*Problem to solve*: Your output should be the lines of the data that follow, reproduced exactly from the first through the line bearing "Pickachu squeezing a".

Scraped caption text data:
'''

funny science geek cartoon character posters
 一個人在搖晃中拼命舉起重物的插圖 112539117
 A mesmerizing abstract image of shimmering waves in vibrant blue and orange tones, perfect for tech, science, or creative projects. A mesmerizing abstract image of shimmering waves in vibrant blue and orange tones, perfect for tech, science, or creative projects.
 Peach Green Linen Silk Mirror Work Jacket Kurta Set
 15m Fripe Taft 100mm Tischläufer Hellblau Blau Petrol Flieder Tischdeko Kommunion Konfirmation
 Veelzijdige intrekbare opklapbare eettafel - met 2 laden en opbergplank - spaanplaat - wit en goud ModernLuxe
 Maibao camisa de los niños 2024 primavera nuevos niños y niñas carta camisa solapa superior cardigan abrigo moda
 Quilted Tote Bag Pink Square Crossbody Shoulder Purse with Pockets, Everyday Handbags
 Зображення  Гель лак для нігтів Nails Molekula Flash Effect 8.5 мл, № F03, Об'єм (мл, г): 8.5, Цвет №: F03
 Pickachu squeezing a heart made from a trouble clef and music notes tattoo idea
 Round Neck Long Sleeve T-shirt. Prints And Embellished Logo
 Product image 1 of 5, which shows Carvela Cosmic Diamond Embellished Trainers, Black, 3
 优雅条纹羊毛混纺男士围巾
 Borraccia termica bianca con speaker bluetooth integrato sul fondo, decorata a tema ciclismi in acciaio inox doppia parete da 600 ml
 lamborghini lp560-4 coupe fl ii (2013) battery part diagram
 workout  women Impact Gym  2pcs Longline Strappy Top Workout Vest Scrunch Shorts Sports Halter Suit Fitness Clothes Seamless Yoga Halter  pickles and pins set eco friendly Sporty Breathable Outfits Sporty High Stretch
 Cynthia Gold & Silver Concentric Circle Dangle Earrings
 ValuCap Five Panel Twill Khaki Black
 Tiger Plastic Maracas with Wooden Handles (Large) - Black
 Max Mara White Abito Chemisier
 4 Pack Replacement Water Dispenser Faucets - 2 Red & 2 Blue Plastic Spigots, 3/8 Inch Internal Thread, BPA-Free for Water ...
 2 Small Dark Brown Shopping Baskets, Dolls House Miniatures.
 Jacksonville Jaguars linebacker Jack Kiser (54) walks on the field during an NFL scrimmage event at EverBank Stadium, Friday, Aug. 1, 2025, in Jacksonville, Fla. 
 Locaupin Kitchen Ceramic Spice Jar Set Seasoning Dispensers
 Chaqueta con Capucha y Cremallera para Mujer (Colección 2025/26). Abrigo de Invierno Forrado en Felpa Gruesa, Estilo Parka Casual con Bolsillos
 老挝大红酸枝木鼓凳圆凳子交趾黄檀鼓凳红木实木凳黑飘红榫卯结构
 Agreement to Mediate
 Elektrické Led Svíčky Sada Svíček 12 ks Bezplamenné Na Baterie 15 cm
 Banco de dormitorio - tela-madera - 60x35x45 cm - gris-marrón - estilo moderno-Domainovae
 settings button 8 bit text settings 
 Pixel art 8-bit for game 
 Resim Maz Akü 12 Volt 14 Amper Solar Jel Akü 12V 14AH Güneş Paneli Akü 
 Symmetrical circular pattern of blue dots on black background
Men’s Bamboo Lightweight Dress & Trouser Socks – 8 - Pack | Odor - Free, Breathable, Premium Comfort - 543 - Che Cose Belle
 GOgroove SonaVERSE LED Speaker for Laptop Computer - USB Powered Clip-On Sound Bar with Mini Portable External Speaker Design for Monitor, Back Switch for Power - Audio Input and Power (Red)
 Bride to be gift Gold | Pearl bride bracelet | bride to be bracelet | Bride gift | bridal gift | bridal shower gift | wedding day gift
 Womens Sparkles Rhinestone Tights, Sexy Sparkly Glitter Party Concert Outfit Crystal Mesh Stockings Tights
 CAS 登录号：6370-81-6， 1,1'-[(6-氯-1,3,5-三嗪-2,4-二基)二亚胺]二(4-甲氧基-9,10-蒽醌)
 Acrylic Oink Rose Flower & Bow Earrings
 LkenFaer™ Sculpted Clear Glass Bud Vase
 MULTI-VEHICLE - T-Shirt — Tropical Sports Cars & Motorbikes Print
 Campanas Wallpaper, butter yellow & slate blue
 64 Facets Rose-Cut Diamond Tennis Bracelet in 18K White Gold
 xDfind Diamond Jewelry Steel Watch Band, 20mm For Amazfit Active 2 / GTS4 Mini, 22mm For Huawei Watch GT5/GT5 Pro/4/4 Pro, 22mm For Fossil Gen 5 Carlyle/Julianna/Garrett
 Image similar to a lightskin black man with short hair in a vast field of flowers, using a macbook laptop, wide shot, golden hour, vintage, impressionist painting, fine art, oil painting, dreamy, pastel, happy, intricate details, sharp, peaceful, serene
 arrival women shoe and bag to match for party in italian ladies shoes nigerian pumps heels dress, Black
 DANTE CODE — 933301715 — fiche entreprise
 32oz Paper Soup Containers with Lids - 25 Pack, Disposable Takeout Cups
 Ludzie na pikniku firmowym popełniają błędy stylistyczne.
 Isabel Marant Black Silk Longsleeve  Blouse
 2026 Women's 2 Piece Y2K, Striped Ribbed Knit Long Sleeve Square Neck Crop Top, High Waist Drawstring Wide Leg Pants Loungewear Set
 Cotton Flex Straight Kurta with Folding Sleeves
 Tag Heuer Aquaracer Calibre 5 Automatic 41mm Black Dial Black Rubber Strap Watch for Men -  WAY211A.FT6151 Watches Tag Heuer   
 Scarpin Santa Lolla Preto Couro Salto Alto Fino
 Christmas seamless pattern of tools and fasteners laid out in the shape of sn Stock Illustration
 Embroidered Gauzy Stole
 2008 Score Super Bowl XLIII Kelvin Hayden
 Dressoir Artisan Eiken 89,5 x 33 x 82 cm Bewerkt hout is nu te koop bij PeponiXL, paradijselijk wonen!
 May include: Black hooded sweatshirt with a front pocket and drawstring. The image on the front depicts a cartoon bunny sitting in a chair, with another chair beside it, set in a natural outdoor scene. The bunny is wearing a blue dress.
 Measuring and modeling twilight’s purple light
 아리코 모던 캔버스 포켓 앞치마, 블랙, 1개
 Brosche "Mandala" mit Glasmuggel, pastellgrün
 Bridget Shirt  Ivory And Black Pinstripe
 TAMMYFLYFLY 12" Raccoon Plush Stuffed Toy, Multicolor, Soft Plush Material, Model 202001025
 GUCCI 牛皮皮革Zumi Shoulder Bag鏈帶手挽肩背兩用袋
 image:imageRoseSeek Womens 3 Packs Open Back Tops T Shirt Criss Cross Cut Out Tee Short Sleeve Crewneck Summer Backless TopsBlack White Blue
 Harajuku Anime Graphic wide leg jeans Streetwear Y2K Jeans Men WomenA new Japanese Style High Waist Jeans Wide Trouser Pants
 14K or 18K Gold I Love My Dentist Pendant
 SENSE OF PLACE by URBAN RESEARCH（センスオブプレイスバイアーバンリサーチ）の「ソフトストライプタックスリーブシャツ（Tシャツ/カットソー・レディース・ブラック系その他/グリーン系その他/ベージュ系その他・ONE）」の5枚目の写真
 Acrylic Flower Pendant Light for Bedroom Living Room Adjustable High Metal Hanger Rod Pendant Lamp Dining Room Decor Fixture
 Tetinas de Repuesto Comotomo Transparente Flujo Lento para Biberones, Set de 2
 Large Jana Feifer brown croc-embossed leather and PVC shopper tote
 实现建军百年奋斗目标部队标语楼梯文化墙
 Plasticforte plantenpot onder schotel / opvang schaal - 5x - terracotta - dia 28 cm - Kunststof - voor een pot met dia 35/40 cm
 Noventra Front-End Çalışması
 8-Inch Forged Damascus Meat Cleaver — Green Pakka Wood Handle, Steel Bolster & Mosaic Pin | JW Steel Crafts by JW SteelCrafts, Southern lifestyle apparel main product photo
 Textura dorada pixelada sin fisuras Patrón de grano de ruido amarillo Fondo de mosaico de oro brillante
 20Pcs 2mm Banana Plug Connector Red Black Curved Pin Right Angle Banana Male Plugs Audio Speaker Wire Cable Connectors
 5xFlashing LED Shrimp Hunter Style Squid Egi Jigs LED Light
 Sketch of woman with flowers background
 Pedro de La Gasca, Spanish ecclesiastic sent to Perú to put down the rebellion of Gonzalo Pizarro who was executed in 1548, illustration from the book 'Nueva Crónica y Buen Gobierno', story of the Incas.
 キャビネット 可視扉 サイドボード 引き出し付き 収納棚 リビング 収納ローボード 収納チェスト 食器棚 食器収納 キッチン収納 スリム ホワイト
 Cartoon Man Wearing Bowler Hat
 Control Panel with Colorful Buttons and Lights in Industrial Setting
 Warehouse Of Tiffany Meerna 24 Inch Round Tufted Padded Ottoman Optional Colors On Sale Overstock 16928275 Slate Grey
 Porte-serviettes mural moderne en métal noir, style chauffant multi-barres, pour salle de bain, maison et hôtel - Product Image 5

'''

*Answer to the exercise*:
funny science geek cartoon character posters
 一個人在搖晃中拼命舉起重物的插圖 112539117
 A mesmerizing abstract image of shimmering waves in vibrant blue and orange tones, perfect for tech, science, or creative projects. A mesmerizing abstract image of shimmering waves in vibrant blue and orange tones, perfect for tech, science, or creative projects.
 Peach Green Linen Silk Mirror Work Jacket Kurta Set
 15m Fripe Taft 100mm Tischläufer Hellblau Blau Petrol Flieder Tischdeko Kommunion Konfirmation
 Veelzijdige intrekbare opklapbare eettafel - met 2 laden en opbergplank - spaanplaat - wit en goud ModernLuxe
 Maibao camisa de los niños 2024 primavera nuevos niños y niñas carta camisa solapa superior cardigan abrigo moda
 Quilted Tote Bag Pink Square Crossbody Shoulder Purse with Pockets, Everyday Handbags
 Зображення  Гель лак для нігтів Nails Molekula Flash Effect 8.5 мл, № F03, Об'єм (мл, г): 8.5, Цвет №: F03
 Pickachu squeezing a heart made from a trouble clef and music notes tattoo idea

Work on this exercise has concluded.